### [Exercise details]
Scan the records for lines with the string "clear". Say how many there are, and add nothing.

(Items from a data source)
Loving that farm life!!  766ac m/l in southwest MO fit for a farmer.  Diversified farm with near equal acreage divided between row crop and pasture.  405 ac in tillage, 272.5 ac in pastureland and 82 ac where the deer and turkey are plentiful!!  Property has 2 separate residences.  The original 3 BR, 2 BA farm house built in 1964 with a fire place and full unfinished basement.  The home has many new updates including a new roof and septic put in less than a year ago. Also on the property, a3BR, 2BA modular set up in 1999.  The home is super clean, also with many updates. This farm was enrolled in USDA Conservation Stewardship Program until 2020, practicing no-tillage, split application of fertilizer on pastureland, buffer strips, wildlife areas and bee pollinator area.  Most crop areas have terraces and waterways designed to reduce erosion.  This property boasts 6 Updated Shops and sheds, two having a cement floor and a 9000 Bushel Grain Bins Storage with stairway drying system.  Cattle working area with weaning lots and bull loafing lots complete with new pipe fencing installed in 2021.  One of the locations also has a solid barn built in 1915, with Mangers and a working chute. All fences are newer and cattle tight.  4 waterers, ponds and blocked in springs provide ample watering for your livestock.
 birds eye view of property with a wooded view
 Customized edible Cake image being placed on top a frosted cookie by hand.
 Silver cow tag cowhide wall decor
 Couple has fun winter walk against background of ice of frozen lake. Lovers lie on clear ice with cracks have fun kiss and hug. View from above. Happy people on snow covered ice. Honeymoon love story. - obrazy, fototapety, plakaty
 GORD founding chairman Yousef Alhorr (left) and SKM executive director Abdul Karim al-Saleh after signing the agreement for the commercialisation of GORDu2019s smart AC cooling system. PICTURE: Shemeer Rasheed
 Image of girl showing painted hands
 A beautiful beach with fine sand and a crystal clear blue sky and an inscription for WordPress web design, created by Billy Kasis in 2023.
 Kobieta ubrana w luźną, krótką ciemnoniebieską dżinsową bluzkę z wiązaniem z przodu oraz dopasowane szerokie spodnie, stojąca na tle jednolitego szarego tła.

### [Reply to the task]
2